◆ **Instructions for the task**
Skipping all pictures, set down the lines of the listing from the first through the one with "IMG_2530.jpeg IMG_2530.jpeg".

--

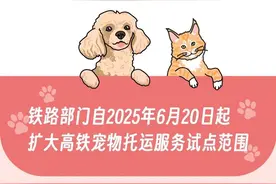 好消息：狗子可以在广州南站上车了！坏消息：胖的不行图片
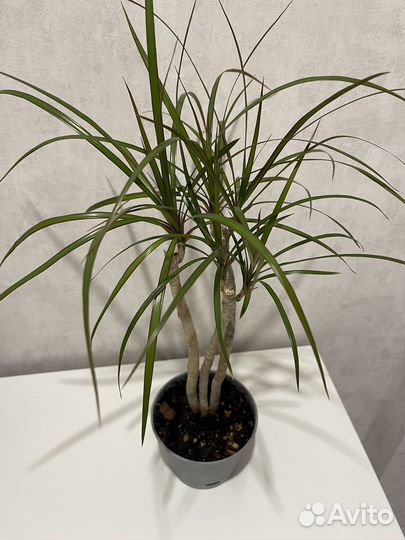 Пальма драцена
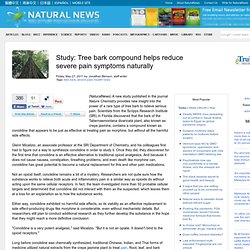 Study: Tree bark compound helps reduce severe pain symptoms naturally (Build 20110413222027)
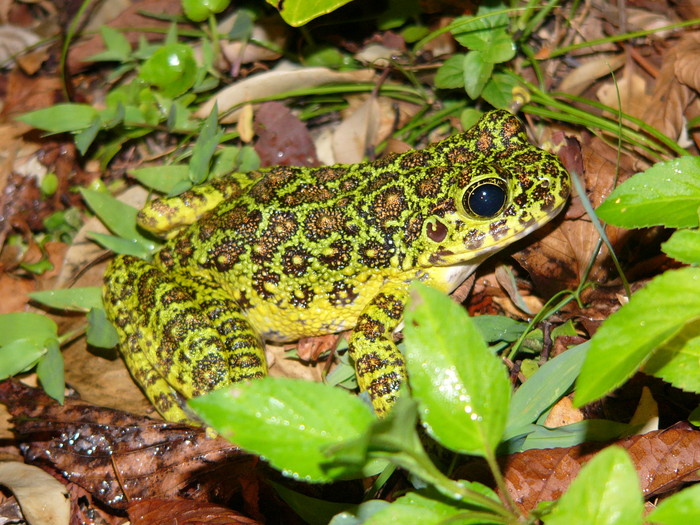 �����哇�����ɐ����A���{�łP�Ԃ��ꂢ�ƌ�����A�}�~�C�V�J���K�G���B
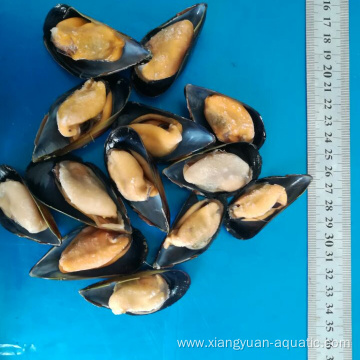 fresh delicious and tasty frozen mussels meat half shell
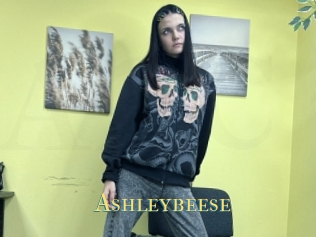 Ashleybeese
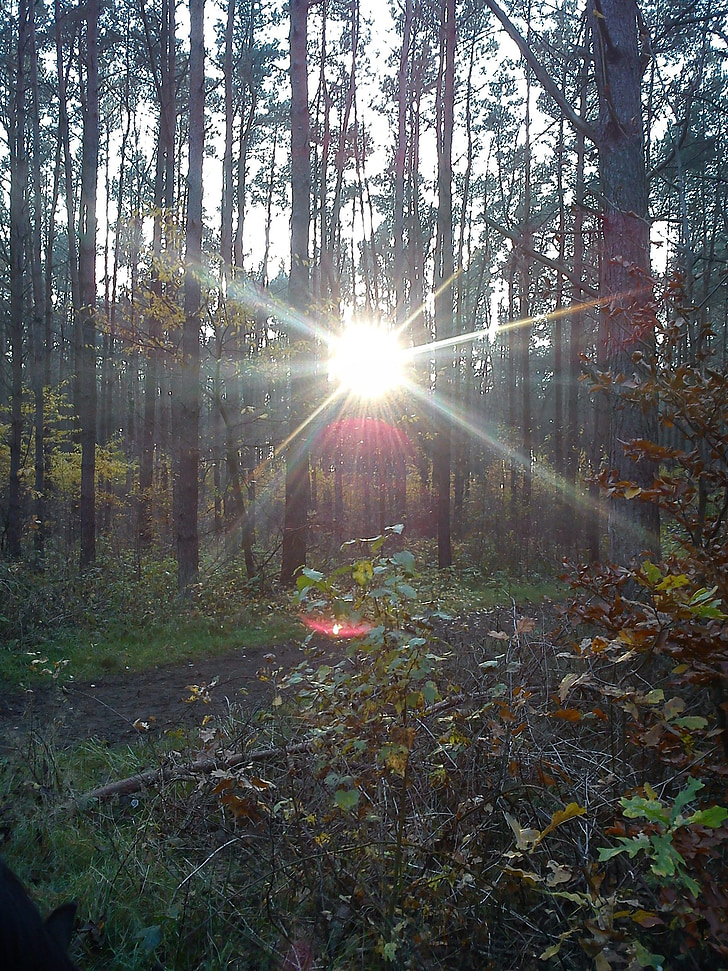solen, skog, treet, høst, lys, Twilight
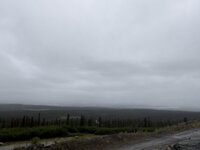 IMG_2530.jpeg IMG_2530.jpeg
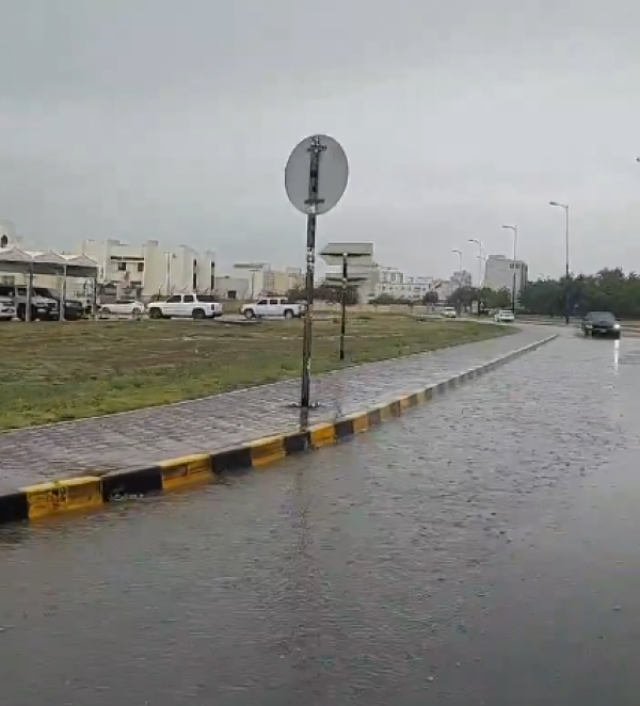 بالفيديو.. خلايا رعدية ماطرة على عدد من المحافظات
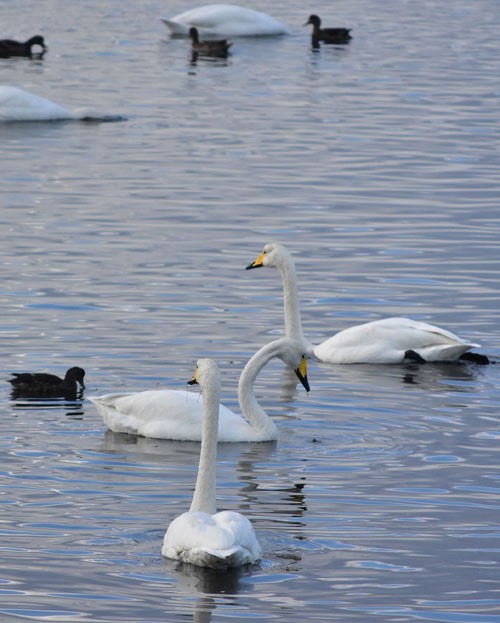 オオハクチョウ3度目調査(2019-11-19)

--

◆ **Completed exercise**
 好消息：狗子可以在广州南站上车了！坏消息：胖的不行图片
 Пальма драцена
 Study: Tree bark compound helps reduce severe pain symptoms naturally (Build 20110413222027)
 �����哇�����ɐ����A���{�łP�Ԃ��ꂢ�ƌ�����A�}�~�C�V�J���K�G���B
 fresh delicious and tasty frozen mussels meat half shell
 Ashleybeese
solen, skog, treet, høst, lys, Twilight
 IMG_2530.jpeg IMG_2530.jpeg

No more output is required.